Exercise objective: Look below for the line that contains "QVC Jewelry Diamonique" and the line that contains "Camiseta SPARTAN WARRIOR", then restate both of them and every line in between, exactly. No picture goes in the copy.

Extracted records:
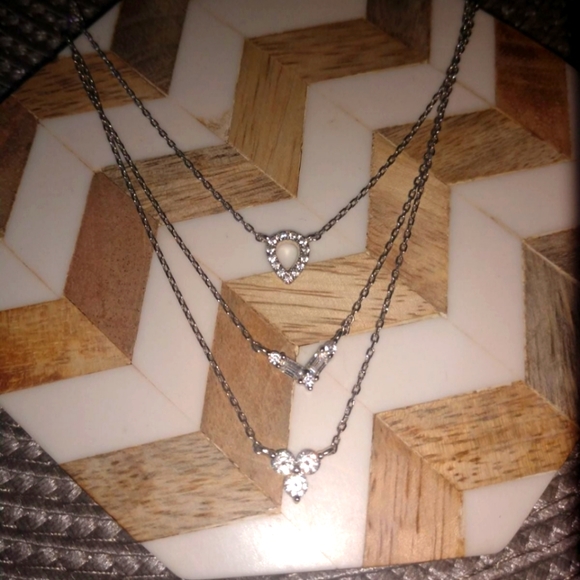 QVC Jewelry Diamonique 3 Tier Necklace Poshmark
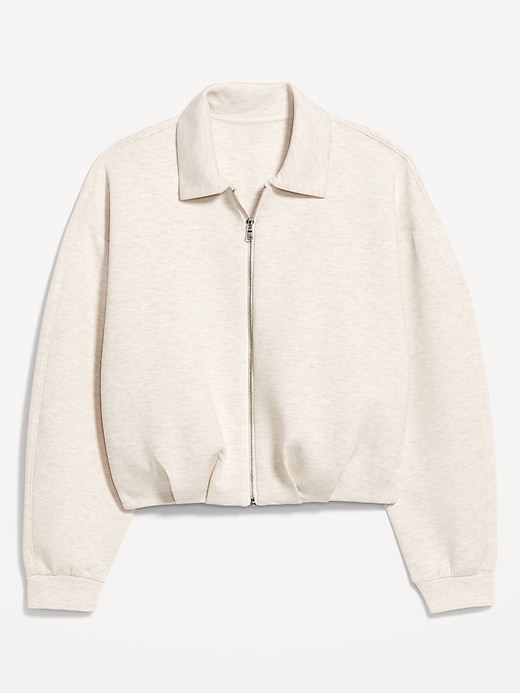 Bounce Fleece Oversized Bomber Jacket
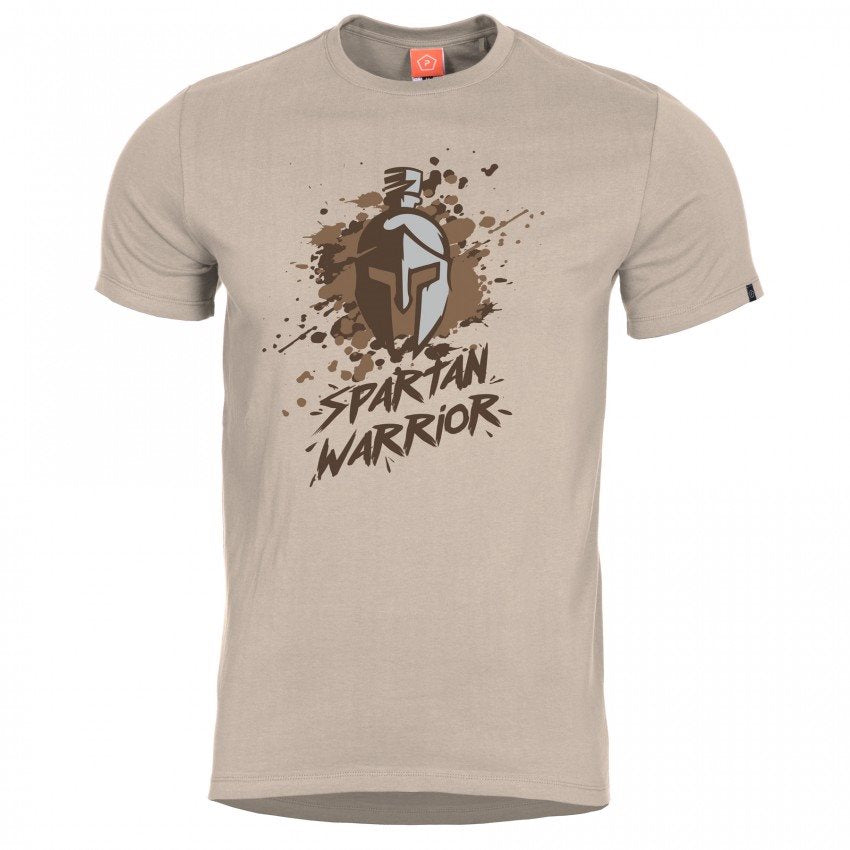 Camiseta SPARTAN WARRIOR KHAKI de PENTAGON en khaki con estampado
---
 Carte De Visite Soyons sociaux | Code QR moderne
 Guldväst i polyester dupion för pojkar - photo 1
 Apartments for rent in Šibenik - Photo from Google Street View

Answer box:
 QVC Jewelry Diamonique 3 Tier Necklace Poshmark
 Bounce Fleece Oversized Bomber Jacket
 Camiseta SPARTAN WARRIOR KHAKI de PENTAGON en khaki con estampado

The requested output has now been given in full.